The company’s business model is noteworthy. Headway does not charge patients for its search service, nor does it charge therapists. Instead, it receives a commission from insurance providers, who compensate Headway for facilitating access to a broader range of therapists and increasing billable services within their networks.

Currently, Headway concentrates on mental health services, primarily connecting individuals with psychotherapists and psychiatrists. However, the platform could potentially expand to encompass a wider variety of therapeutic disciplines and wellness professionals over time.

There are also further opportunities to enhance the services Headway provides.

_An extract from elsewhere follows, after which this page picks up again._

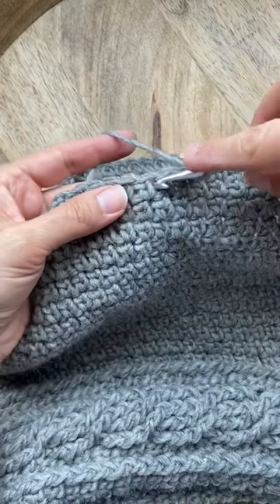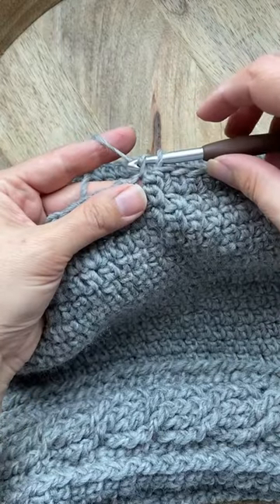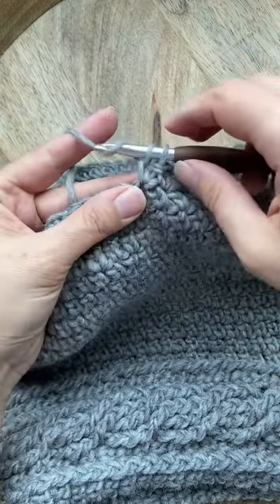This is all you need to do. You insert your hook, yarn over, pull up a loop, yarn over and pull through one loop, yarn over and pull through two.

Adams noted that prior to the coronavirus pandemic, approximately 90% of therapy sessions were conducted in person. Currently, “90% are virtual.”

While Headway does not currently provide the platform for these virtual sessions, offering therapists tools to manage their patient interactions alongside existing administrative support seems like a logical next step.

Furthermore, while the current search engine allows users to find therapists based on criteria such as location, gender, and age, it could be expanded to offer more personalized recommendations, guiding individuals through a detailed assessment to identify their specific needs.

Interestingly, Headway’s services may be equally valuable in healthcare systems with varying levels of government involvement, such as countries with universal healthcare coverage or those with limited public healthcare options.

“The complexities of navigating insurance remain consistent,” Adams explained. “In fact, I would argue that these complexities are even more pronounced.”